# John Deere 1050 Clutch Replacement



## Dan England (Aug 26, 2018)

Just replaced entire clutch assembly, throw out bearing, oil seal behind my refurbished fly wheel (but not that bearing). Had a hard time pulling it back together! Main 2 stage shaft when it got aligned would slide out when i pushed it together. After about 3 hrs of trying, it did get back together. Is it possible to bolt it back together, with the gear not in the right place? I decided to jack up back rear tire and see if the clutch and gears would function properly before putting oil and hydraulic fluids back in (no starter or power hooked up). This experiment resulted with the big rear tire locked and not turning in either of the high or low range gears and in any of the 4 forward gears or in reverse. When I shift the range gear to neutral. The rear tire spends great!

Do I really need to break the tractor in two again? Clutch foot pressure feels great.

Are there some electrical safety switches causing this range selector from allowing the rear tire to Turn?


----------



## RC Wells (Dec 26, 2008)

I thought I answered this, but here goes again.
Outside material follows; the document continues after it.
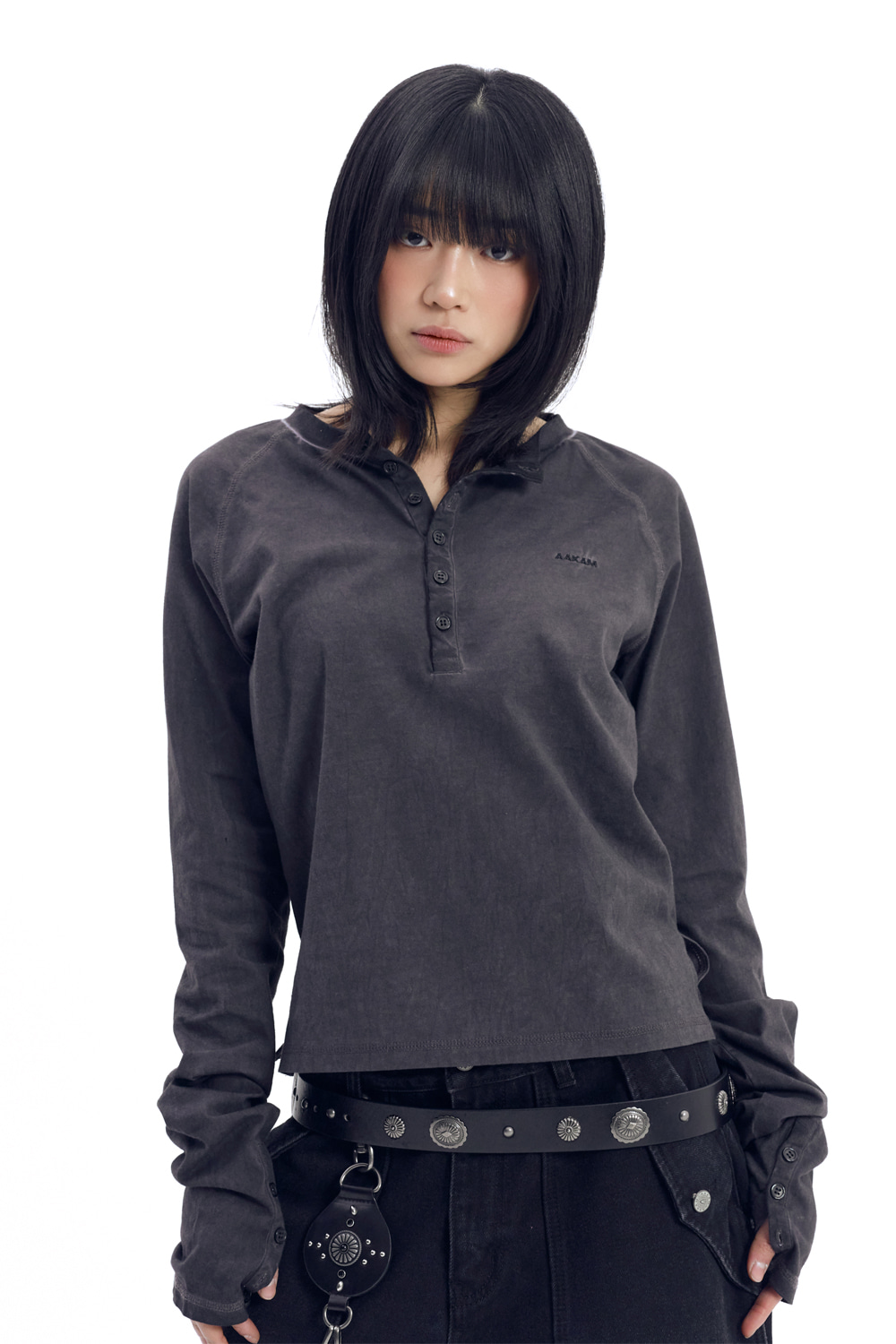 トップス aakam Contrast Layered Long Sleeve TOPS - TOPS - AAKAM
The Yanmar tractor *that is the JD 1050* requires the release stack to be properly positioned with all the components in the proper order of assembly, and the release linkage properly positioned. It is also common the clutch plates, one or both, get installed backwards resulting in a failure to release.
Start with verifying your linkage, and eliminating the possible glitches. Also be absolutely certain the clutch is fully depressed when you spin the tire by hand.


----------



## jd110 (Nov 23, 2015)

If you had to bolt the tractor back together chances are good that something was not aligned properly. Tractor should roll back together easily when things are assembled properly and splines are aligned. Chances are you bent the clutch disk. or something more serious if you had to draw it together with the bolts.


----------